Od małego lubiłem komedie z Jimem Carreyem. Jego twarz zdolną do genialnych min, komiksowe ruchy, brwi unoszące się w charakterystyczny sposób, grające razem z nim jedną z ról… Jako mały dzieciak, potrafiłem codziennie oglądać „Maskę” przegraną od starszego kolegi na kasetę vhs. Sekretnie podkochiwałem się w ślicznej Tinie, a kiedy nikogo nie było w domu, mazałem po swojej twarzy zieloną kredką i nakładałem na siebie żółty żakiet mamy. Ćwiczyłem przed telewizorem wszystkie pozy Maski, na marginesach szkolnych zeszytów bazgrałem tylko jedną, wyszczerzoną i uwielbianą do granic postać. Szalałem za każdym filmem tego aktora, uwielbiałem w nim wszystko i tylko on był w stanie rozchmurzyć mnie w kilka sekund.


Kilka lat temu, ze względu na wywołujące uśmiech wspomnienia z dzieciństwa, byłem w kinie na filmie Jima, który reklamował przykuwający uwagę plakat. Oczy mego ulubieńca zwrócone w stronę leżącej na pękającym lodzie pary- on całkiem zwyczajny, ubrany w ciemne kolory, ona z niebieskimi włosami i zielonymi, rzucającymi się w oczy rękawiczkami. Pamiętam, że bardzo zdziwiło mnie polskie tłumaczenie tytułu. Z „Eternal Sunshine of the Spotless Mind” powstał „Zakochany bez pamięci”… Zupełnie nic nie wiedziałem o filmie, nigdzie nie czytałem jego recenzji, nie wyszedłem z innego seansu z ulotką streszczającą fabułę. Kupiło mnie samo nazwisko i nawet nie obchodziło mnie, co zobaczę oprócz ubóstwianego Carreya.
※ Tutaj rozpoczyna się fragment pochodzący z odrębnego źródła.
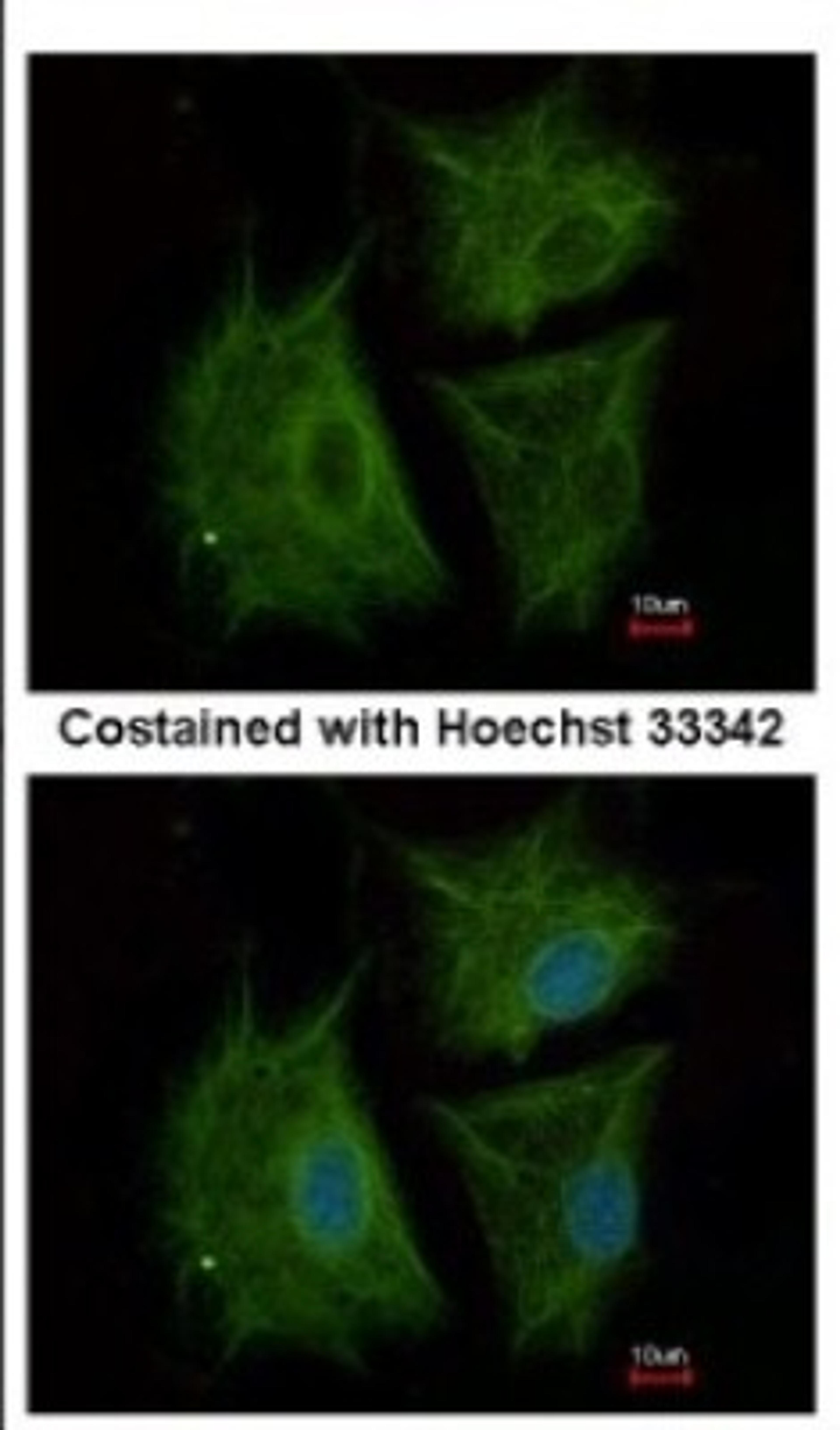 Immunocytochemistry/Immunofluorescence: CBCP6 Antibody [NBP2-15729] - Immunofluorescence analysis of methanol-fixed A549, using antibody at 1:500 dilution.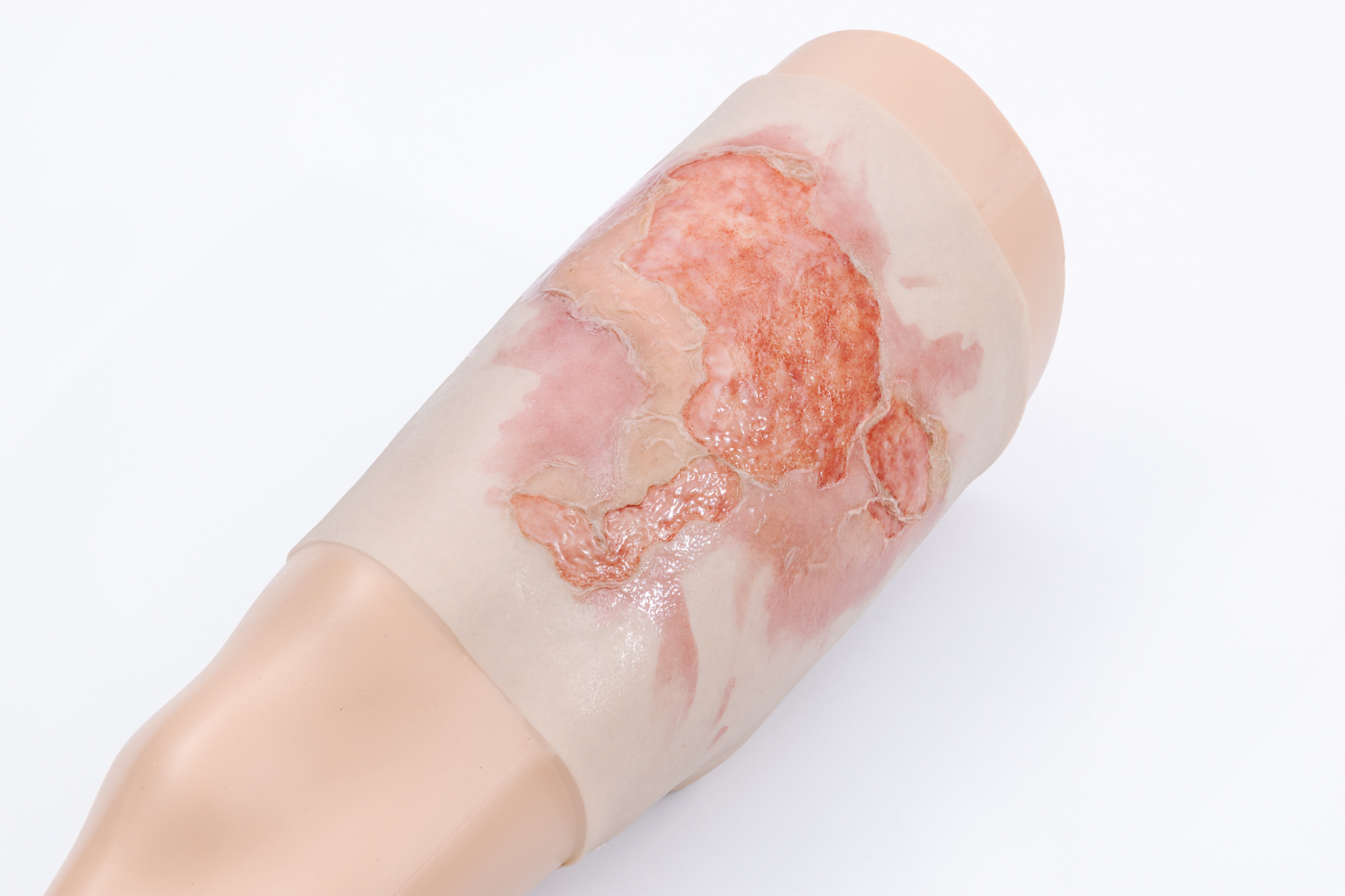Thigh TraumaWear Scalding Burn Set - Image 3
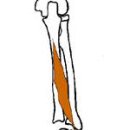 장모지신근(extensor pollicis longus) 이미지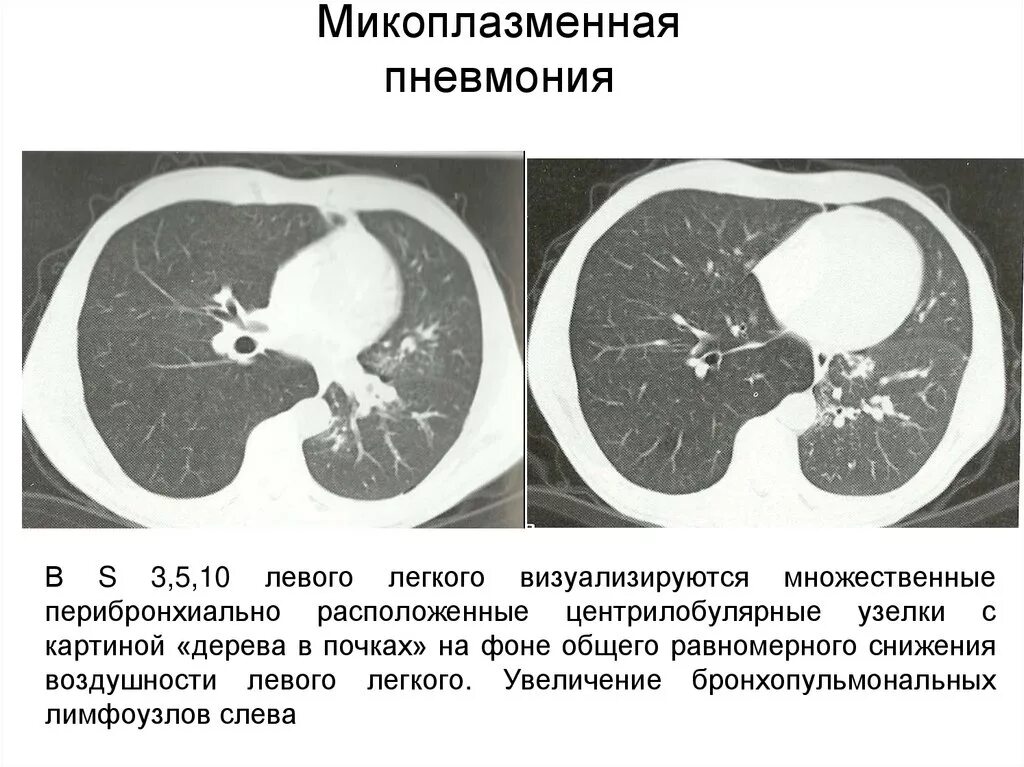 Дерева в почках в легких кт. Микоплазменная пневмония на кт. Микоплазменная пневмония на кт легких. Рентгенограмма микоплазменной пневмонии. Пневмония на кт.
Okazało się, że to żadna kolejna komedia, a okropny dramat. On ją kochał, ona chyba kochała jego. On był spokojny, ona szalona. Ona wymazała go z pamięci, on postanowił, że zrobi to samo. I choć w tej chwili i ja wymazałem ten film ze swojej pamięci, mam przed oczami jedną, jedyną scenę, która najbardziej do mnie przemówiła. On, znudzony życiem samotnik, czekał na dworcu na swój pociąg do pracy i kiedy ten nadjechał, zrobił kilka kroków do tyłu, aby odważyć się wsiąść do innego i jak gdyby nigdy nic, przełamać swoją rutynę spontanicznym, nieprzemyślanym wyjazdem nad morze.

Nigdy bym nie przypuszczał, że zrobię dokładnie to samo.
Dwa razy.



Do pracy jeżdżę pociągiem, wychodzę z domu koło piątej. Codziennie przechodzę przez te same drzwi do oszklonego budynku. Kiedy byłem mały, zastanawiałem się, kto myje te wszystkie szyby i co mogłoby się stać, gdybym w którąś z nich rzucił większym kamieniem. Warszawa Centralna. Zwykle jestem na swoim peronie kwadrans przed odjazdem, mam czas na wypicie kawy z papierowego kubka, czasami kończę swoje liche śniadanie- słodką bułkę, czekoladowego rogalika. Codziennie w dopasowanym garniturze, ze skórzaną teczką w ręku. 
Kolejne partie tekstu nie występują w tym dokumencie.